KNOCK!  KNOCK!  KNOCK!   Who’s calling?  Who was this small “c” asking for when the door was answered?  Me!  Really? 

I have been told by doctors that I have an excellent immune system.  I hardly ever get sick.  So why would this happen?

January of last year I went to St. Louis and visited the daughter of my dear friend (who passed away several years ago).  She was in treatment for cancer of her salivary glands.  I shared with her that I have had in the past a few salivary gland stones.  She told me to get a CT scan to make sure it wasn’t more than that.  My doctor ordered a scan of my head and neck, and although I have some atrophy of those glands, everything was okay.  The scan showed that I had some nodules in my lungs are common to have after having Valley Fever, which I had two years ago.  My primary care doctor ordered a follow up CT scan of my chest which was done on December 11.  The nodules were still there, but it showed something on my liver.  The radiology report stated that a CT scan with contrast was needed to identify what was going on.  So, I had a CT scan with contrast of my chest, abdomen, and pelvis on December 26.  Same results. 
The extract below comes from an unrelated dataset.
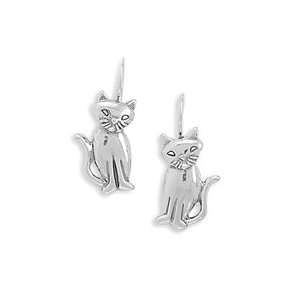    Sterling Silver Earrings Cat with Tilted Head Dangles Jewelry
When the first result happened in early December, an AI program at MD Anderson Cancer Center scans all results done at Banner Imaging facilities (the largest hospital group in AZ). When it sees words like “nodule” or “mass”, it makes an automated call to the doctor who ordered the test to request a consultation with the patient.  I had that consultation December 23.  It is amazing, because they are not waiting for symptoms of which I have none.  In fact, my blood tests taken that day and also this week were all within range, and my lymph nodes are clear.  I think that is good, but I’m not a doctor!  I feel great.  So, that’s where we were.  

KNOCK! KNOCK! KNOCK!   Who’s calling?  The “c” is a bit bigger.  
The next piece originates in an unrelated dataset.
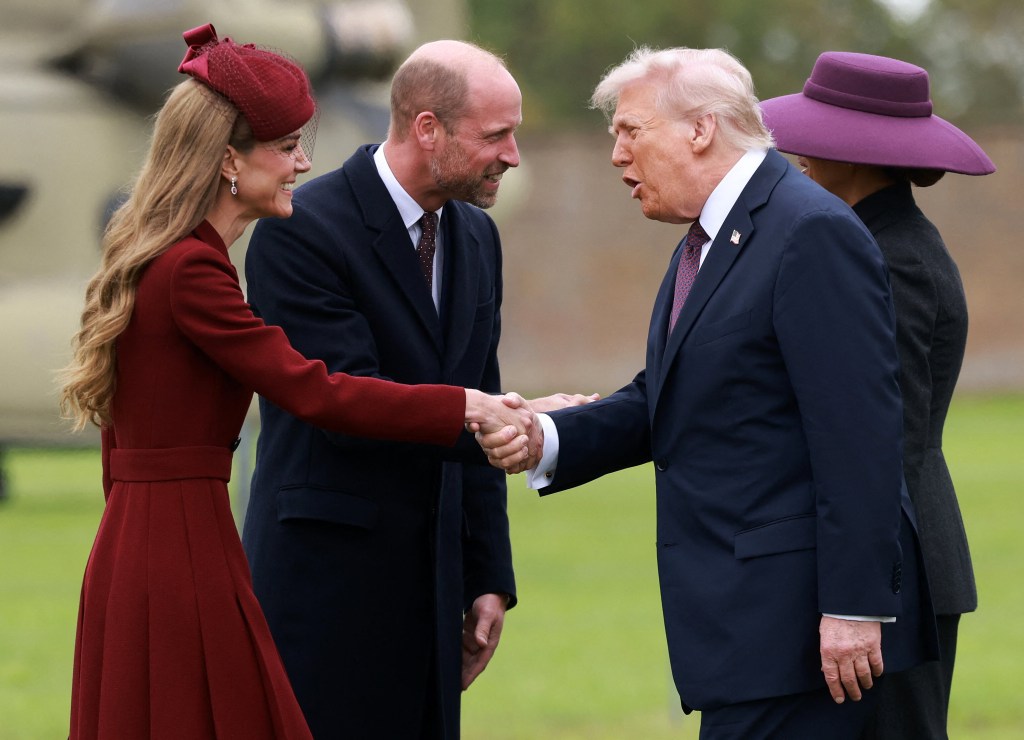 Prince William and Kate Middleton greeting Donald and Melania Trump at Windsor Castle.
The biopsy was completed January 29, and the results stated that I have a neuroendocrine tumor in my liver. 

Before you start googling “neuroendocrine tumor,” let me tell you more. This is a rare form of cancer.  When the person who called told me this, she instructed me of two things: 1) I am see the oncologist at MD Anderson CancerCenter the next Monday morning, and 2) I am to get a neck to knee PET scan.  I assumed that the meeting will be a meet and greet with the oncologist since it will happen before the PET scan.  He will tell me how they attack this kind of tumor and what kind of options I have.

On Monday, February 9, Dennis and I went to visit the oncologist at MD Anderson.  It is a good practice that when visiting a doctor about something important one should bring another person with them.  It helps to have an extra set of ears.  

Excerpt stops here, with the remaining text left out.